Suppression of Rh1P37H-Induced Retinal Degeneration by VCP Loss-of-Function Alleles
We next investigated the effect of decreasing VCP function on Rh1P37H-induced PN degeneration. We found that Rh1P37H;Rh1+/+ and Rh1P37H;VCP26-8/+;Rh1+/+ retinas showed a similar degree of PN degeneration at P20 (Figure 5A, 5B, and 5G), while further degeneration (at P30) in the Rh1P37H;Rh1+/+ retina was prevented in the VCP26-8 background (Figure 5D, 5E, and 5G). Remarkably, PN degeneration was strongly suppressed in Rh1P37H;Rh1+/+ flies carrying the stronger VCP LOF allele VCPk15502 (genotype: Rh1P37H;VCPk15502/+;Rh1+/+), both at P20 and P30 (Figure 5A, 5C, 5D, 5F, and 5G). Thus, VCP inactivation exerts a protective role on Rh1P37H-mediated retinal degeneration. We then used a VCP-specific antibody to assess the levels of VCP in Rh1P37H;Rh1+/+ versus Rh1WT;Rh1+/+ flies. We found a small (2-fold) but consistent increase in VCP levels in Rh1P37H;Rh1+/+ flies at P1, which was not maintained at P10 (Figure 5H and 5I; results from 3 independent crosses were averaged). Although an initial increase in VCP levels might induce long-term cellular changes that contribute to PN degeneration, and changes in VCP activation status or localization might be pro-apoptotic, our results suggest that differences in VCP levels play a minor, if any, direct pro-apoptotic role in Rh1P37H-mediated retinal degeneration.

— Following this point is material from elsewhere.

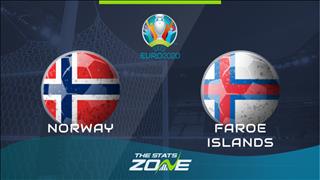 Nhận định Na Uy vs Faroe 0h00 ngày 16/11 (Vòng loại Euro 2020)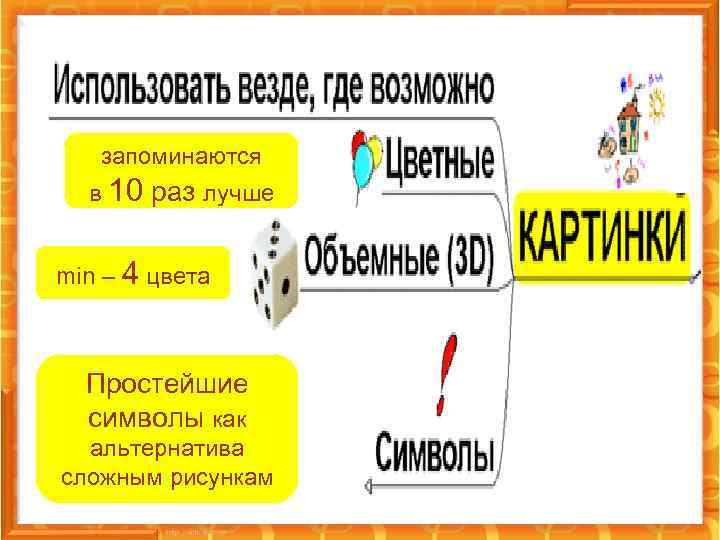запоминаются в 10 раз лучше min – 4 цвета Простейшие символы как альтернатива сложным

Pharmacological Inhibition of the VCP/ERAD/Proteasome Axis Suppresses Retinal Degeneration in Rh1P37H-Expressing Flies
Our finding that VCP inhibition rescues retinal degeneration in Rh1P37H;Rh1+/+ flies suggests that inhibition of the ERAD activity might exert long-term protective effects in Rh1P37H PNs. The tight coupling between VCP and proteasome activities is essential for substrate delivery and clearance during ERAD [23] and interestingly, proteasome activity is required for proper substrate retrotranslocation [15]. To independently test whether inhibition of the VCP/ERAD/proteasome axis is protective for Rh1P37H-expressing PNs, we used the VCP/ERAD inhibitor Eeyarestatin I (EerI) and the proteasome inhibitor MG132 that we dissolved in fly food. EerI acts on deubiquitinating enzymes that function downstream of VCP during ERAD and therefore inhibits ERAD-associated VCP functions [44], [45]. MG132 is a classical proteasome inhibitor and potently inhibits the proteasome in Drosophila S2 cells [46], [47]. We measured the proteasome activity on head extracts (see Text S1) from control flies to which MG132 was added after lysis and determined that MG132 potently inhibits the activity of the proteasome (Figure S7).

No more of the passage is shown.